Je me rappelle m’être fait filmé à 18 ans en train d’expliquer ce qu’était le stoner rock. Bourré à la bière bon marché et copieusement chevelu, je bouffais des kiwis avec la peau en parlant du drapeau sudiste derrière moi et de la nécessaire initiation préalable à l’appréhension du message profond véhiculé par un camion roulant sans but dans le désert du Nevada.On en revient.
Si on me demandait maintenant de le refaire, je crois que je ne saurais pas vraiment quoi raconter. Ce documentaire tombe donc à point nommé car il s’annonce comme une honnête update de mon essai auto-éroto-musico-cinématographique.
Non, donc, ça ne parle pas des titres vénèr’ de Kyuss, pas de Goatsnake ni d’Orange Goblin. Pas de moto non plus.
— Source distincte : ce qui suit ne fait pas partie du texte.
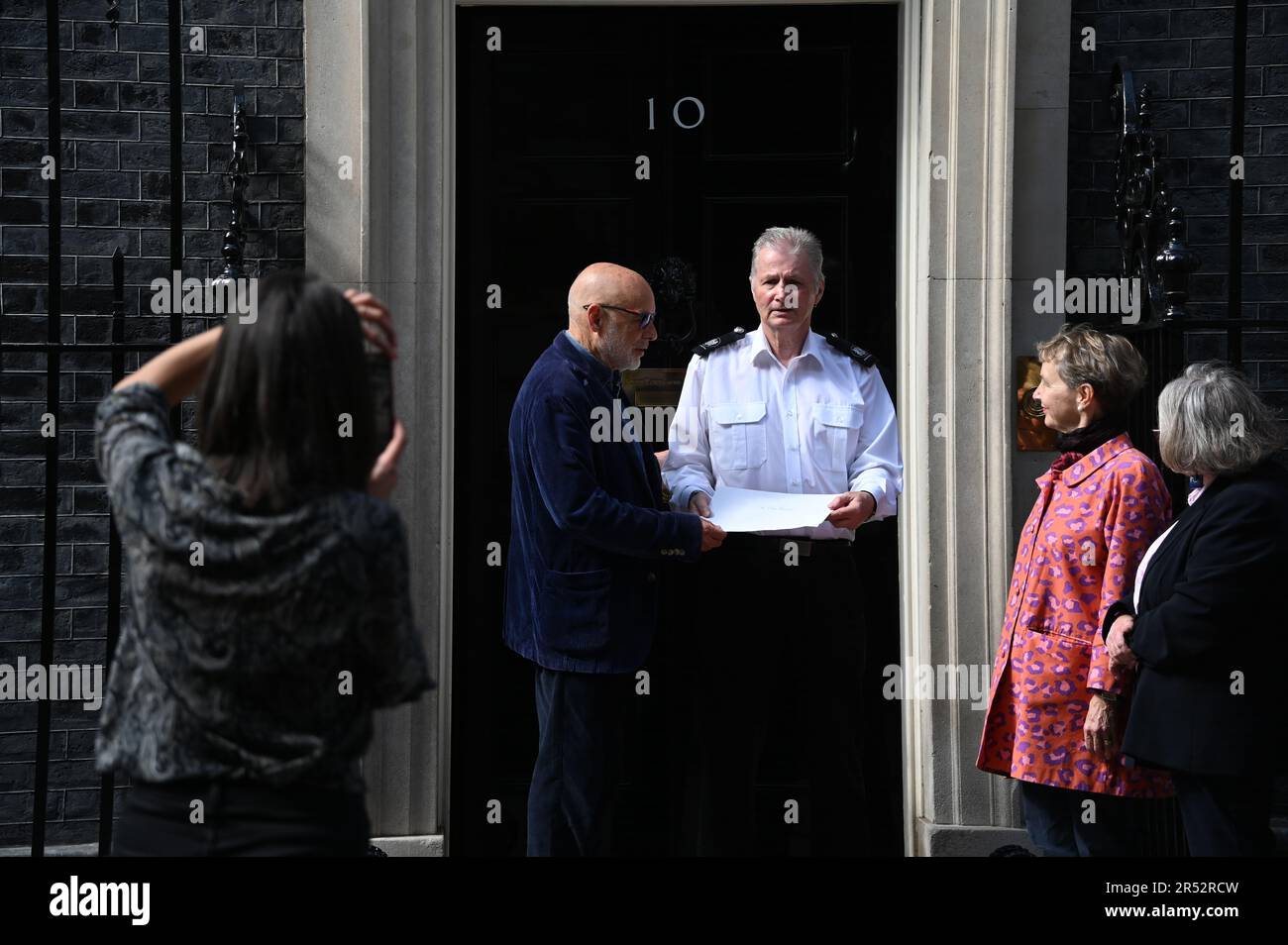 Downing Street, London, Großbritannien. 31. Mai 2023. Die Kriegskoalition Lindsey German, Shelly Asquith und Kate Hudson von der CND soll keinen Brief an Nr. 10 Downing Street aushändigen, in dem sie zu Frieden und Verhandlungen in der Ukraine aufruft. Draußen fordern einige Dutzend ukrainische Konterparteien den Krieg stoppen Frieden und Verhandlungen mit der Ukraine. Während die Ukrainer schreien, stoppt den Krieg in der Ukraine. Wie ist es logisch, sich gegen die Koalition "Stop the war" zu stellen, die Frieden und Verhandlungen mit der Ukraine fordert? Kredit: Siehe Li/Picture Capital/Alamy Live News Stockfoto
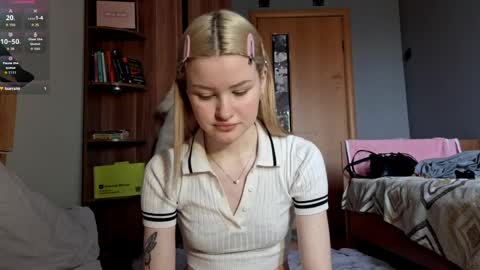 Snapshot of ilianamessersmith chatting on 04/05/26, 07:16 ShyLuna online show from 04/05/26, 07:16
Le parti-pris est de parcourir le heavy rock étasunien (On regrettera peut-être l’exclusion du Japon, des Pays Bas ou de l’Allemagne, ayant offert au genre quelques perles de psychonautisme en semelles de plomb.) sur le versant psychédélique, celui des barbus qui ont vu la Vérité en mangeant des graines de liseron, des métalleux encore étudiants en histoire de l’art à trente ans, des necro-hippies et des gamins qui ont passé des heures à se repasser en boucle la scène des vélos dans Gummo sans trop comprendre pourquoi cette rengaine sabbathienne avait tout changé.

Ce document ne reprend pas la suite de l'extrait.